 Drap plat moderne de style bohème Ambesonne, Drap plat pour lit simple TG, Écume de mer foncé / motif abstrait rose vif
**********
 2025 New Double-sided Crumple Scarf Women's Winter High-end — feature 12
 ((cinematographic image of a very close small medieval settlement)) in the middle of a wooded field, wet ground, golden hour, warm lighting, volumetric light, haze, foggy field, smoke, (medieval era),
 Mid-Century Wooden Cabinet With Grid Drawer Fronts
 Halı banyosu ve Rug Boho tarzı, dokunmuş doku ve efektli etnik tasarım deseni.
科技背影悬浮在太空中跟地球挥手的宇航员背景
**********
Exercise instructions: Taking the listing above as the source, transcribe only the lines starting at the line with "Halı banyosu ve" and going through the line with "科技背影悬浮在太空中跟地球挥手的宇航员背景", unaltered and with both ends included.

Result below:
 Halı banyosu ve Rug Boho tarzı, dokunmuş doku ve efektli etnik tasarım deseni.
科技背影悬浮在太空中跟地球挥手的宇航员背景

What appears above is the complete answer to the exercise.